[EXERCISE INSTRUCTIONS]:
Determine how many lines below hold the string "appears". Reply with the number alone.

(Stored entries)
>>>

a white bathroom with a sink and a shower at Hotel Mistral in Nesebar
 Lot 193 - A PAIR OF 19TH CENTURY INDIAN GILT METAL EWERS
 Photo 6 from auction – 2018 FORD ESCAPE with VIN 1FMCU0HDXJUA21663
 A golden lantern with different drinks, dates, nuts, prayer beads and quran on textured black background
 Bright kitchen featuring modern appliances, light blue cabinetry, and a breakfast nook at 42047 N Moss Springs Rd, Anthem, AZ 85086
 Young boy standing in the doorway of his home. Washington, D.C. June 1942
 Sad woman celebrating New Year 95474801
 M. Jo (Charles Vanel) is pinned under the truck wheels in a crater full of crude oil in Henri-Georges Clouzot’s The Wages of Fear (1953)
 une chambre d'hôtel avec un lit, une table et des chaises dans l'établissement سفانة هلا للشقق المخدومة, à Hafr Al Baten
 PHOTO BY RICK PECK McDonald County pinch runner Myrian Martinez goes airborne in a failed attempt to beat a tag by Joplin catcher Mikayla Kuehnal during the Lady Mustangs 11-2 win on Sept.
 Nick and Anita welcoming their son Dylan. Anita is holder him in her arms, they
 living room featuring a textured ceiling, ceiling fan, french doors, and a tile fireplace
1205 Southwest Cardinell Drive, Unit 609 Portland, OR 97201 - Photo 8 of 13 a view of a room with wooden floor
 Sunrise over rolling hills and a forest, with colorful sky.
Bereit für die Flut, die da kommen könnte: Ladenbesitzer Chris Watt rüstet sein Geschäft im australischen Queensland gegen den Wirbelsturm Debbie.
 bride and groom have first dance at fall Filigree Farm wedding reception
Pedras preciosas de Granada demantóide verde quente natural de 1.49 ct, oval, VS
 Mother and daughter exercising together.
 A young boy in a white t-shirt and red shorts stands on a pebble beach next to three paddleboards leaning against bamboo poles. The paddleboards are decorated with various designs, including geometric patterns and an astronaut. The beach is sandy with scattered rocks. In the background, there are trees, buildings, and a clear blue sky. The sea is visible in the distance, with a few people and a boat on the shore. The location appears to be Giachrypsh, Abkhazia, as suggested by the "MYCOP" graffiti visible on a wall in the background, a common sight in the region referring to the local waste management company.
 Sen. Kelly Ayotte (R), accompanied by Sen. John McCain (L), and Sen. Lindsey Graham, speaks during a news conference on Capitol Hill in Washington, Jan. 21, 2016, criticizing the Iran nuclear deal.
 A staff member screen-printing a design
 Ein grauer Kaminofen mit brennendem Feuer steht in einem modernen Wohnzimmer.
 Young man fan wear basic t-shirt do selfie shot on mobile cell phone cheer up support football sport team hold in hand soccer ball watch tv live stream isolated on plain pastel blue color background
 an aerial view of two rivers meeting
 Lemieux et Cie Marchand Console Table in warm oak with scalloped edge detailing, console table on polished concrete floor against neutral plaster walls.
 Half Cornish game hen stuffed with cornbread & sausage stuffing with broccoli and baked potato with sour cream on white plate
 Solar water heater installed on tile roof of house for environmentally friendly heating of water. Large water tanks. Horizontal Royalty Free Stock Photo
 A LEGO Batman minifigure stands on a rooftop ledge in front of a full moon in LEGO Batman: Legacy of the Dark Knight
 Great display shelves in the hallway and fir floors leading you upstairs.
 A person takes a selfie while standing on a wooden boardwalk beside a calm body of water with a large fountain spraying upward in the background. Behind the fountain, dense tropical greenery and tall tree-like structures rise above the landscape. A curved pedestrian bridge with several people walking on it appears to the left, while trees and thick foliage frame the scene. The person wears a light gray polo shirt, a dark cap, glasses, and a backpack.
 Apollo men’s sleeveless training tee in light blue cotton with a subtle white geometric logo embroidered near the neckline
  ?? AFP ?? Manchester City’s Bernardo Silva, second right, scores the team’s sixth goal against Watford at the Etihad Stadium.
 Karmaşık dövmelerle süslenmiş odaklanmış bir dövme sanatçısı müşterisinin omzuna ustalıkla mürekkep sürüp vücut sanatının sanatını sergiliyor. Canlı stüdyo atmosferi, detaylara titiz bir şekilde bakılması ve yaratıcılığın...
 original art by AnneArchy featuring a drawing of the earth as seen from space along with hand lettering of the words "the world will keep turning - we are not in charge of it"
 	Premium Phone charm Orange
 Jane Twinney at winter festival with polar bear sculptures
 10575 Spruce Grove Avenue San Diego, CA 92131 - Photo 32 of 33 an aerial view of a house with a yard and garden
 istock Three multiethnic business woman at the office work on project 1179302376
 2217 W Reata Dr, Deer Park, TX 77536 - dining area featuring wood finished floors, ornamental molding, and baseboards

<<<

[RESULT OF THE TASK]:
2